Reportagem de O TEMPO da semana passada mostrou o estado em que estão 12 casas construídas nas décadas de 30 e 40 do século passado na rua Congonhas, no bairro Santo Antônio, na região Centro-Sul da capital. Tombadas pela prefeitura, elas estão praticamente se dissolvendo, enquanto aguardam restauração a cargo dos proprietários.

Bens tombados não podem ser demolidos, mas podem ser deixados ao azar, para serem destruídos pelo tempo, como está acontecendo. As casas já serviram de cenário para um filme de cinema e numa delas morou o escritor João Guimarães Rosa. Elas são um pedaço do que foi Belo Horizonte durante uma época e por isso deveriam ser preservadas.

Hoje, sua localização é supervalorizada. Uma construtora adquiriu os imóveis, em 2012, para construir no lugar um edifício com 27 andares. Como não pôde demolir as casas, foi autorizada a construir nos fundos dos terrenos. No entanto, até hoje não o fez nem preservou as casas, que estão escondidas atrás de um tapume para “protegê-las” de vândalos.

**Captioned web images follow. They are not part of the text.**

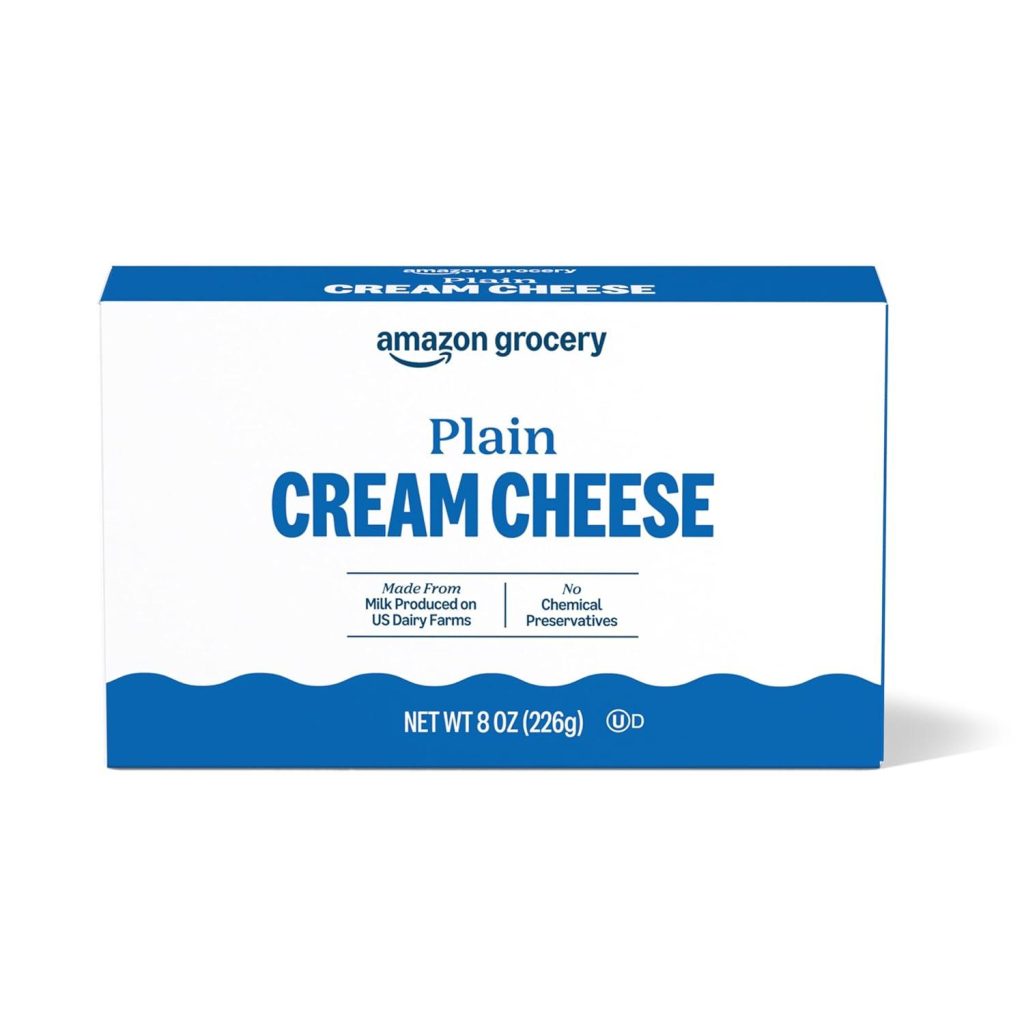 Best Cream Cheese – Amazon Grocery, Cream Cheese, 8 Oz Review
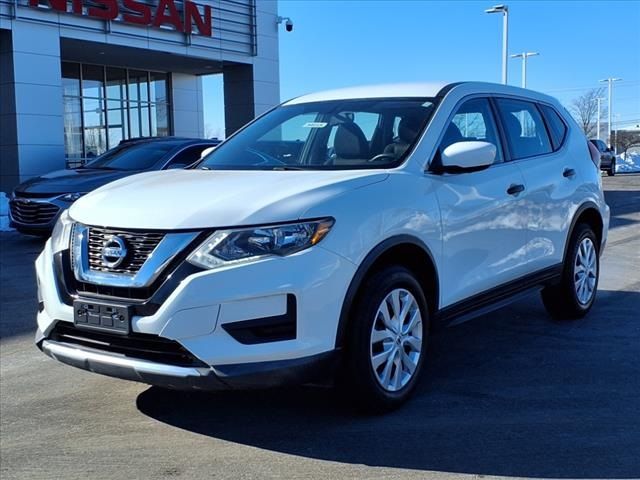 2017 Nissan Rogue S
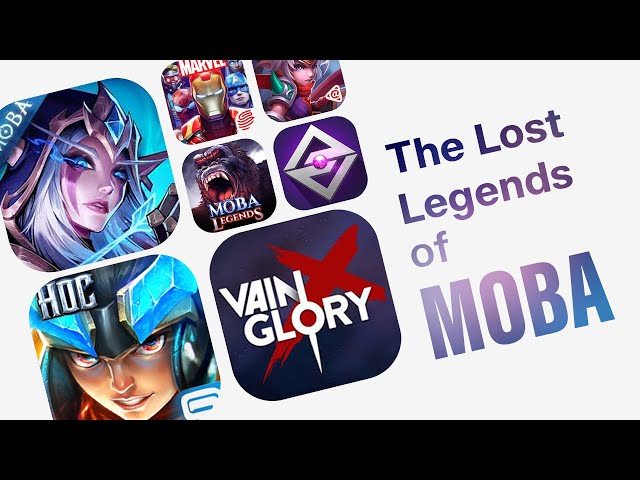 The Tragic Lost Legends of Mobile MOBA Games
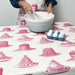 Jelly & Cake Oilcloth, Raspberry
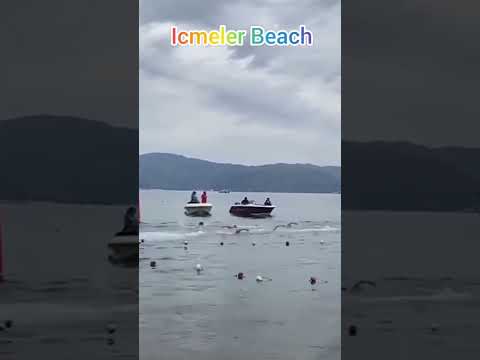Race Day In Icmeler Beach: Marmaris, Turkey #shorts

Por iniciativa do vereador Gabriel Azevedo (PHS), a Câmara Municipal cobra explicações da prefeitura, que, segundo ele, estaria sendo negligente com o patrimônio da cidade. Restauradas, as casas poderiam servir de sede, por exemplo, para entidades culturais de Belo Horizonte que tenham prestado relevantes serviços à sociedade.

A prefeitura já permitiu que, para construir, o empreendedor mantivesse a fachada do imóvel original. A solução não aprovou, porque a fachada não é a casa, mas uma casca dela. Na avenida João Pinheiro e na rua Rio Grande do Norte, na região Centro-Sul, existem dois exemplares dessa experiência em que “a emenda ficou pior do que o soneto”.

Felizmente, há casos bem-sucedidos: duas casas no bairro Floresta, na região Centro-Sul, que, lamentavelmente, não estão tendo uso útil, sendo conservadas como monumento de uma época.